Week 1–2: Inventory and Baseline (Days 75–61)
Before you can fix anything, you need to know what you are responsible for and where it stands.
Inventory Your Active Municipal Deliverables
Make a list of every digital asset you have built, are currently building, or are maintaining for a municipal client. This includes websites, web applications, portals, forms, payment systems, document repositories, and any third-party integrations you implemented. For each one, note the municipality, the contract status (active, in maintenance, delivered and handed off), and whether the contract includes accessibility requirements, warranties, or indemnification language.

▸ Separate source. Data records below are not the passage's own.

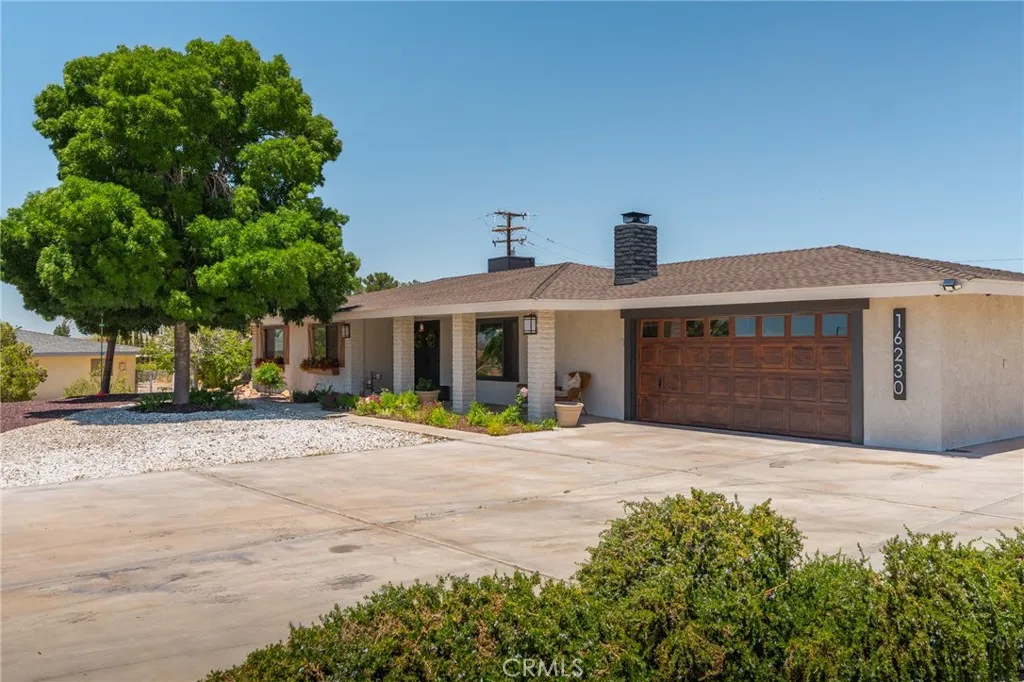 16230 Saint Timothy Road, Apple Valley, CA 92307 — photo 2
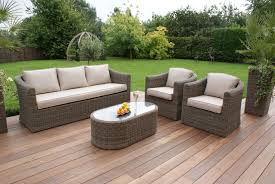 Modern materials form a stylish sofa sectional piece for outdoor comfort. Buyer S Guide For Most Stylish Garden Sofa Set Topsdecor Com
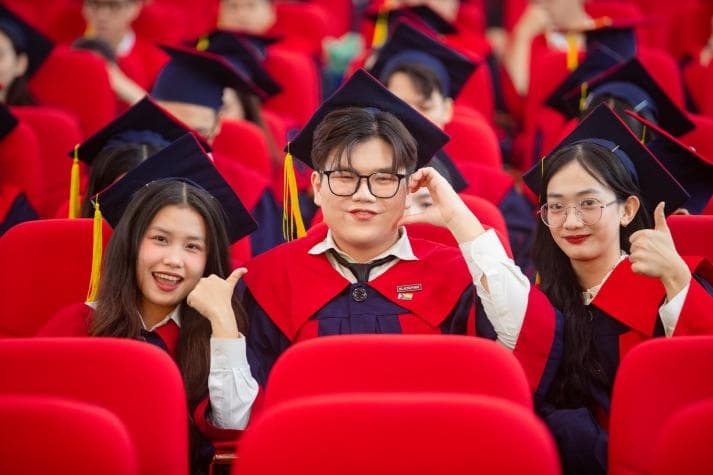 Công nghệ kỹ thuật ô tô là chuyên ngành về kỹ thuật bao gồm các hoạt động chuyên môn như: Thiết kế, sản xuất, lắp ráp, bảo trì, bảo dưỡng,...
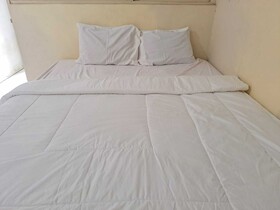 Spot On 93840 Guest House Amanda Syariah
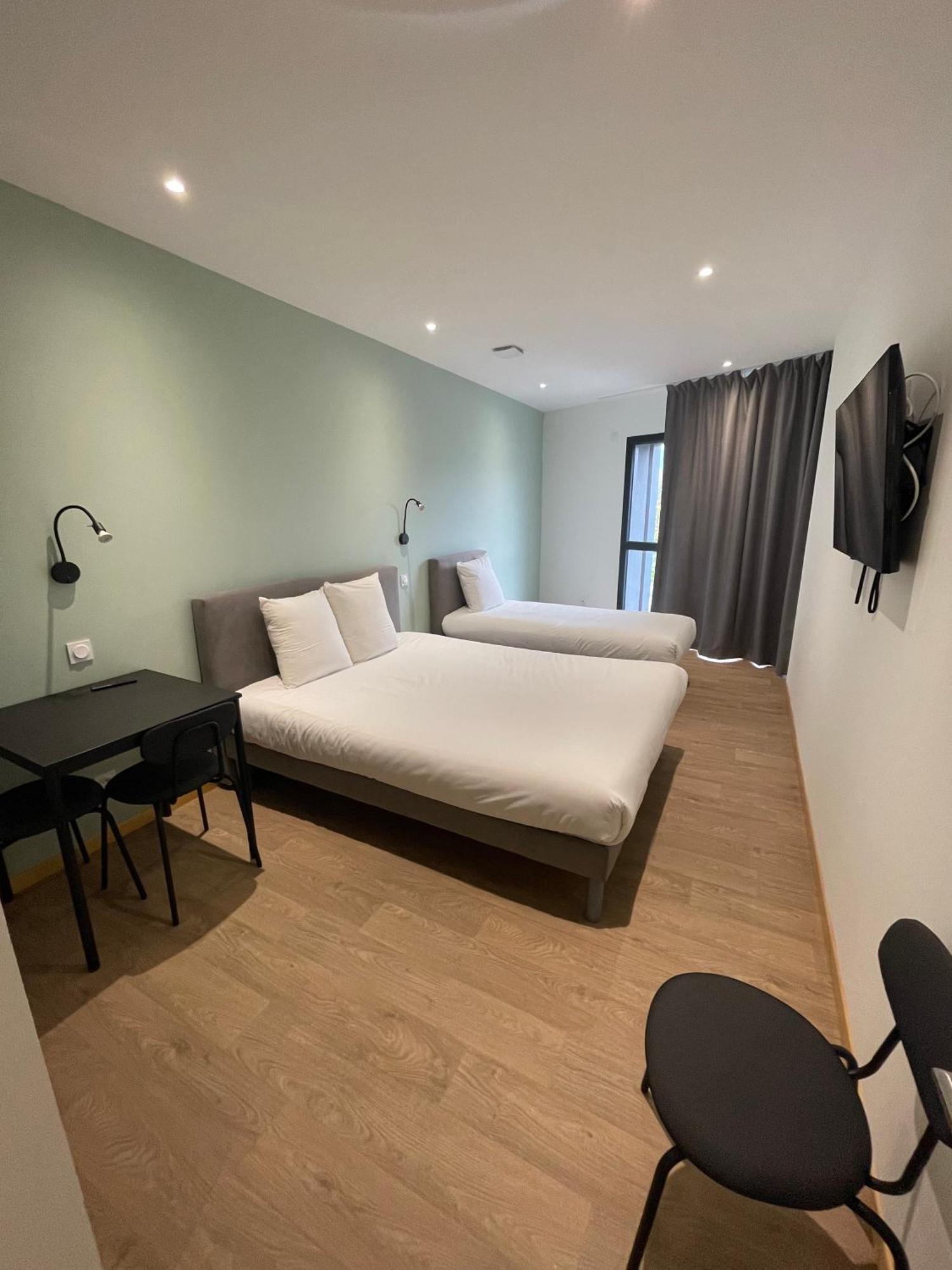Le Salvador - Appart'Hotel De 18M2 A 44M2 La Talaudiere Exterior photo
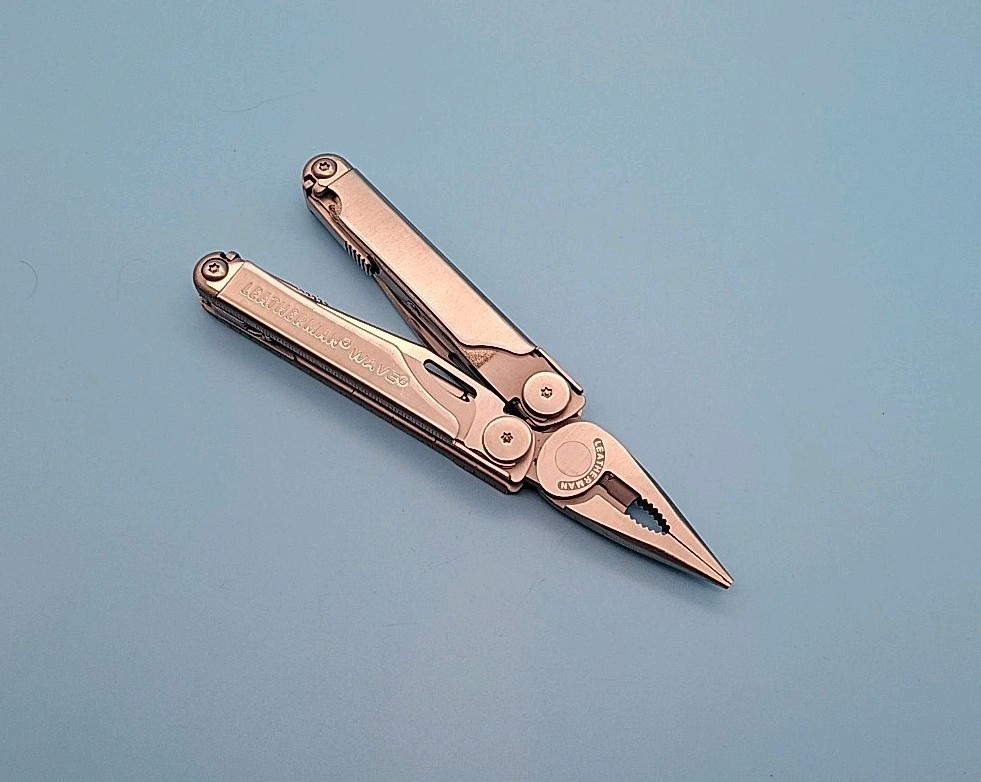 Leatherman WAVE Multi-Tool Dated 2006 – Silver – Pliers – File – Saw – Knife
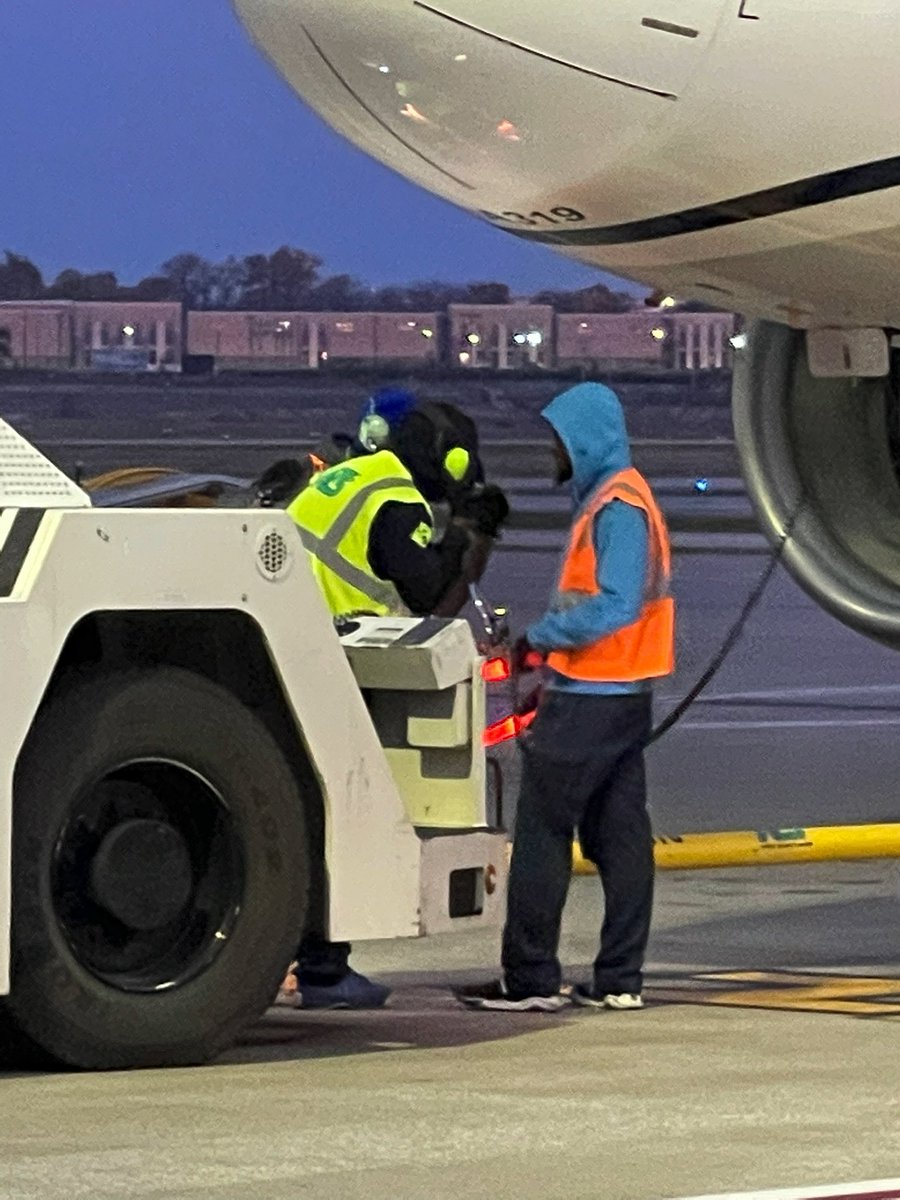 Team huddling this morning in preparation of star flight pre-departure.  Safety first nice job team STL! @AOSafetyUAL #SafetyBlitz #SafetyIOwnit @scarnes1978 @LouFarinaccio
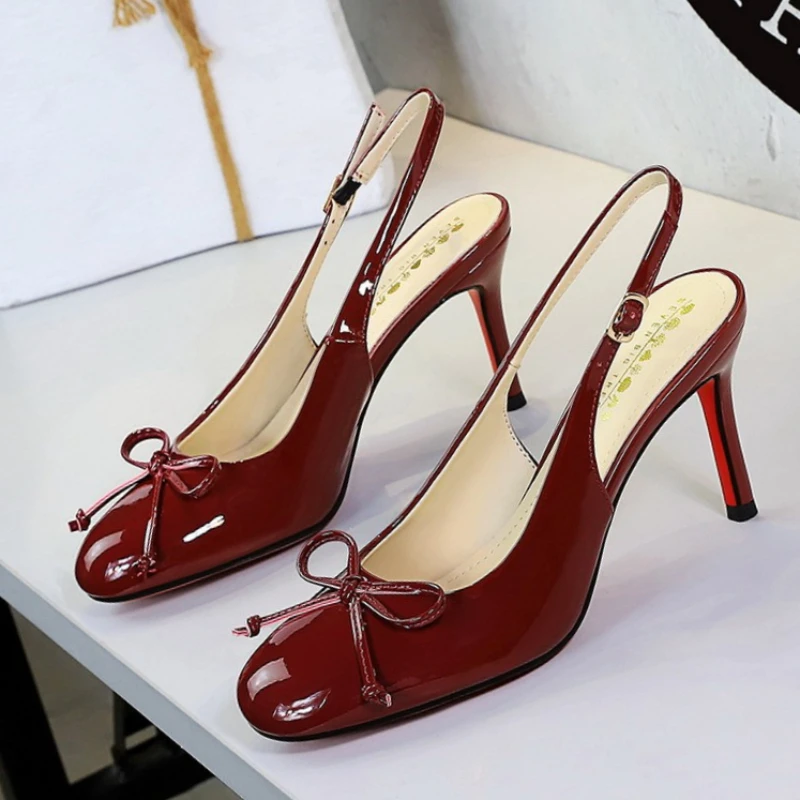 2026Summer Sexy High-Heeled Women's Sandals Classic Patent Leather Pointed Toe Fashion Wedding Shoes Designer Women's High Heels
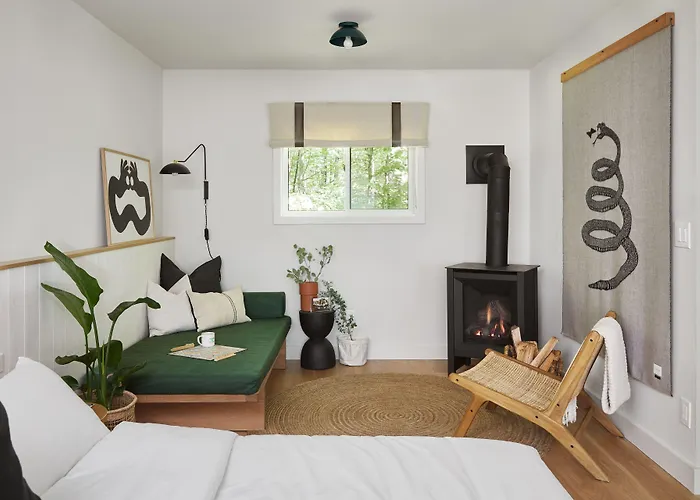 Somewhere Inn Calabogie Boutique Hotel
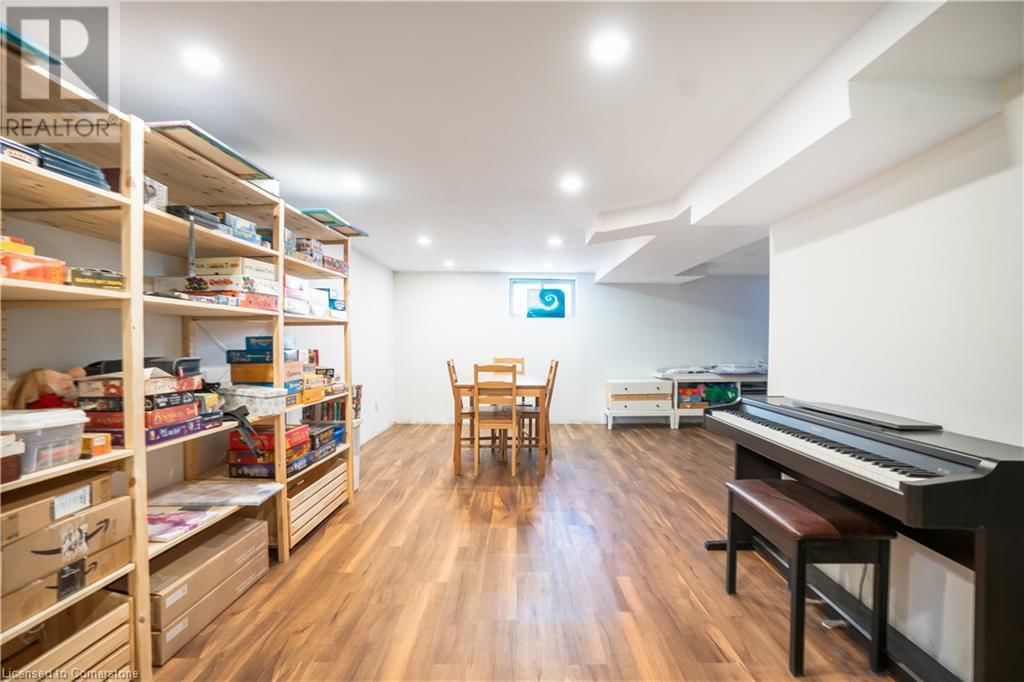 12 WALPOLE DRIVE Image 22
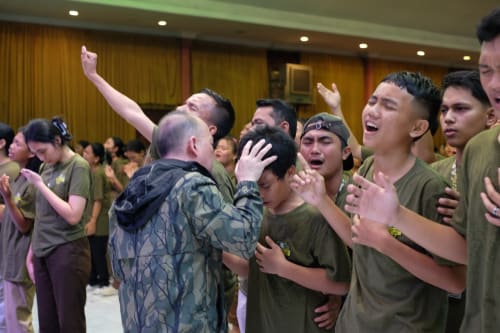Doa dan penumpangan tangan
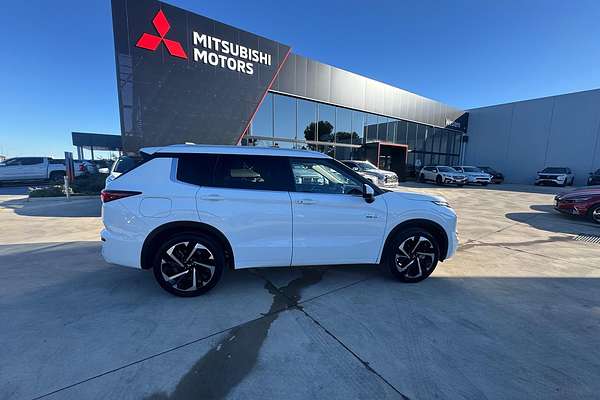 2024 Mitsubishi Outlander PHEV Exceed ZM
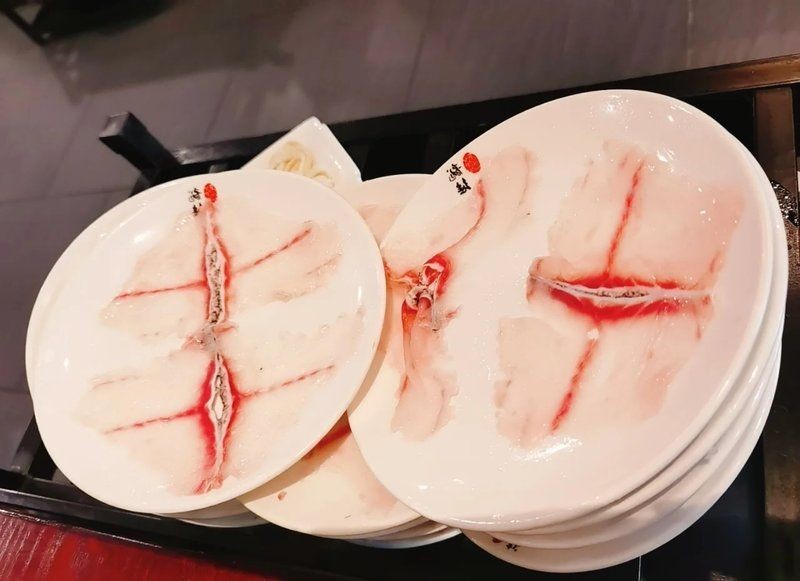 麗江龍魚(yú)店，幾種不同風(fēng)格的一句短標(biāo)題供你參考，，探秘麗江龍魚(yú)店，邂逅奇幻水族世界！，麗江寶藏丨特色龍魚(yú)店驚艷亮相！，聚焦麗江龍魚(yú)店，領(lǐng)略獨(dú)特魚(yú)趣風(fēng)采！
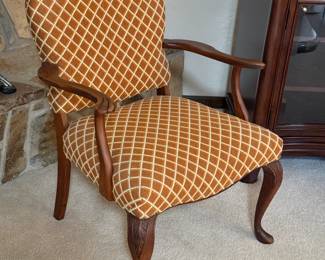 Queen Anne style accent chair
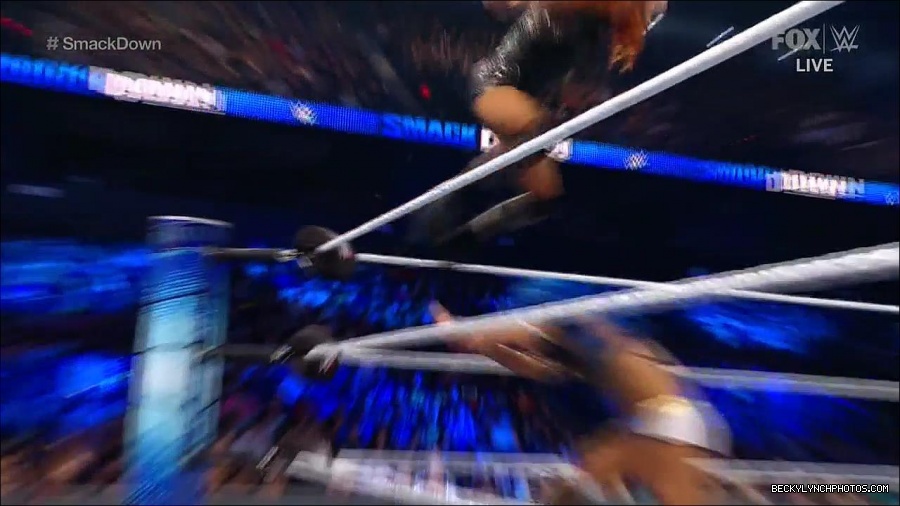 WWE_Supersized_SmackDown_2021_10_15_720p_HDTV_x264-NWCHD_mp4_005889094.jpg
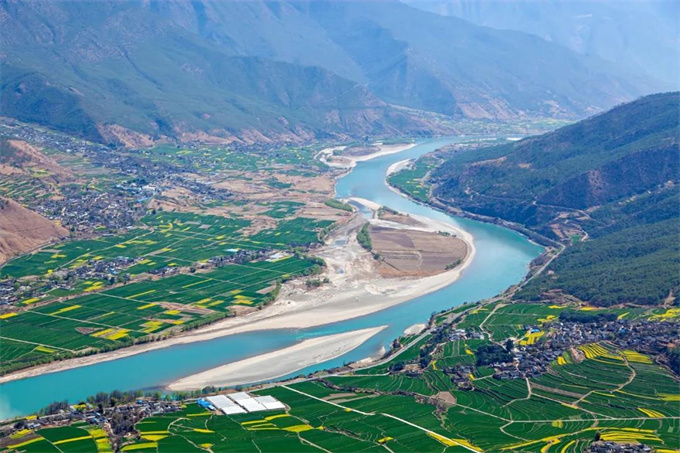 麗江旅游攻略：麗江，一座被金沙江偏愛的城市！來(lái)麗江體會(huì)非遺文化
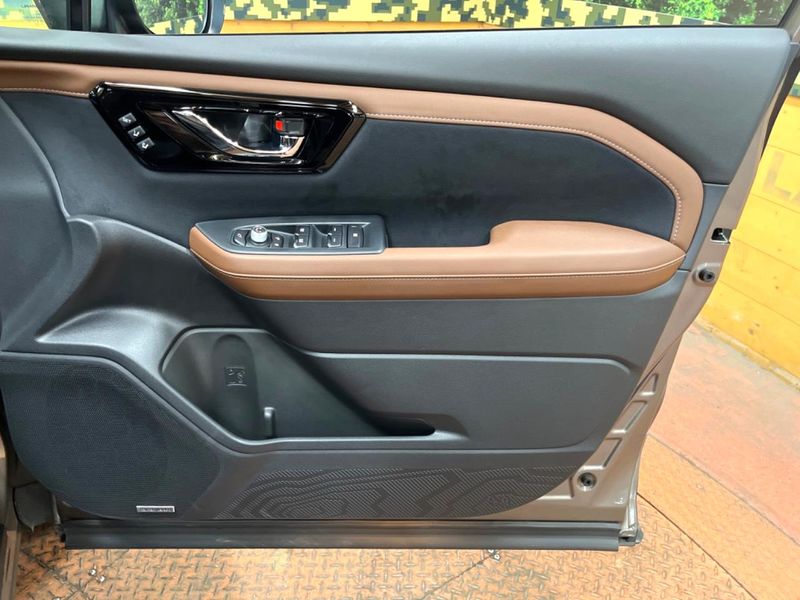 2025 Subaru Forester 5AA-SLG (UW-6a1e4a48e931e)[28]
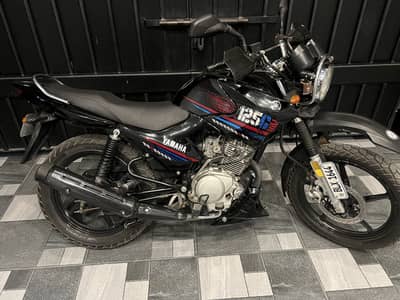 Yamaha ybr 2023 model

If you delivered a project and walked away, you may still have liability. Review your contract terms. Many municipal contracts include warranty periods that extend well beyond delivery, and indemnification clauses that survive contract termination. If the contract says you warrant WCAG conformance for the term of the agreement and the agreement is still active, you are still on the hook.
Run Baseline Scans
For each deliverable on your inventory, run a WCAG 2.1 Level AA scan using an automated tool. axe-core, WAVE, and Lighthouse are widely used engines that test against WCAG success criteria and report results with criterion references, severity levels, and element locations.
Automated scanning catches approximately 30 to 40 percent of WCAG issues — the ones that can be evaluated programmatically, like missing alt text, insufficient color contrast, empty form labels, and duplicate IDs. The remaining 60 to 70 percent require manual testing with keyboard navigation and screen readers. But automated scanning gives you a fast, documentable baseline that identifies the most common and most legally-cited barriers.
Record the results. Date, URL, tool used, total issues by severity, breakdown by WCAG criterion. This is the first entry in your audit defense log.
Prioritize by Exposure
Not every deliverable carries the same risk. Prioritize based on:
Public visibility. A city's main website or resident-facing portal has far more exposure than an internal administrative tool. Plaintiff firms and pro se filers target what they can access publicly.
Transaction volume. Payment portals, permit applications, court filing systems, and service request forms are high-traffic, high-impact surfaces. An inaccessible payment form affects more people — and generates more compelling complaints — than an inaccessible "about us" page.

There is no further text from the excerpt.